L’angoisse

Critique de Nowhere (1997) | Événement Gregg Araki

C’est à presque 40 ans que Gregg Araki clôt avec Nowhere sa trilogie de l’apocalypse adolescente. Derrière les airs nihilistes d’une fin wtf qui renvoie bien sûr au VIH, un fond lumineux parcourt ce nulle part teinté de Los Angeles que traverse la petite trentaine de personnages. Moins que l’habillage des chambres et des lieux par de grands aplats colorés éclairés et filmés frontalement, c’est l’inventivité du langage qui frappe. Les sous-titres peinent à suivre tant chaque insulte, chaque surnom, affectif ou bien moqueur, remplace l’autre à un rythme effréné. En rejouant le film, par exemple à la septième minute, l’oreille française capte péniblement, en l’espace de 5 secondes et venant de 3 personnages différents, « lick my butt brawer » (?), « stinky oyster », « seizure queen » ! Cette jeunesse désabusée qui déambule de coup de téléphone en trajet véhiculé ne cesse de vouloir déshabiter le monde par la parole, et pourtant l’investit pleinement par le corps et ses possibilités. Gregg Araki montre une jeunesse qui fait de l’écroulement du monde une posture, car il faut bien vivre et la vie les déborde de toute part. Il en va de Kriss et Elvis, l’archétype du couple rustre-obsédé-par-le-sexe avec copine-folle-amoureuse-un-peu-idiote, qui dévoilent une sexualité où les rapports dominants-dominés sont à l’inverse de ceux qu’on imagine. Un corps masculin baraqué peut être attaché et pénétré, un corps frêle et féminin peut pénétrer – on l’imagine à leurs postures -, ça déborde, tellement que parfois les corps éclatent, le sang jaillit, les aliens débarquent.
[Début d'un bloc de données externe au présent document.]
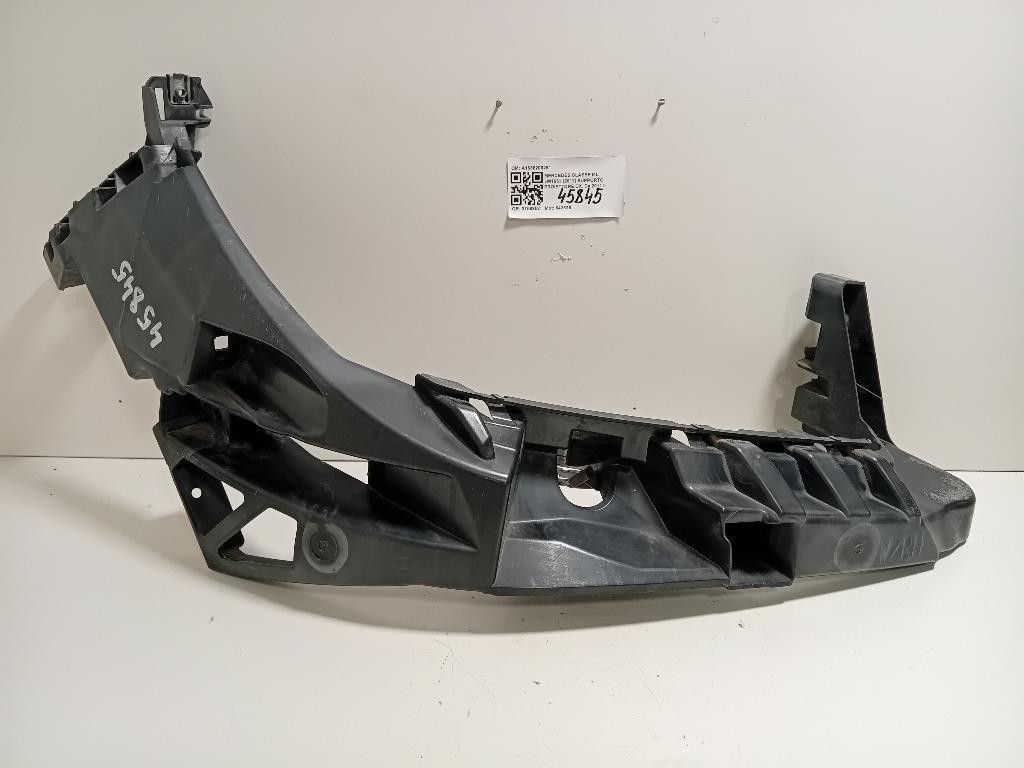 Supporto Proiettore DX A1666200291 DIFETTO IN FOTO Mercedes Classe ML W166 2012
Tandis que la perversion des adultes corrompt une jeunesse joyeuse et curieuse – la star viole Egg, littéralement un œuf ; le télévangéliste pousse au suicide Egg et Bart ; Zero et sa petite amie se font voler leur voiture par une bande plus vieille –, la lumière et l’obscurité se côtoient comme chez David Lynch. Au pendant solaire de l’amour que Dark et Mel se portent l’un à l’autre, la décision d’un couple libre qui ne convient pas tout à fait à Dark tout autant que la découverte d’une homosexualité naissante viennent perturber un tableau qui pourrait autrement être idyllique. Qu’il soit gros ou petit, il y a toujours un caillou encombrant dans la chaussure chez Araki, un truc sourd qui plane, ou bien enveloppe, entraîne les personnages vers un ailleurs dénué de l’insouciance qui devrait être la leur. À la possibilité d’une fin paisible se substitue la réalité angoissante de l’expérimentation des aliens sur le corps de Montgomery – elle explose au grand jour, le caillou troue la chaussure.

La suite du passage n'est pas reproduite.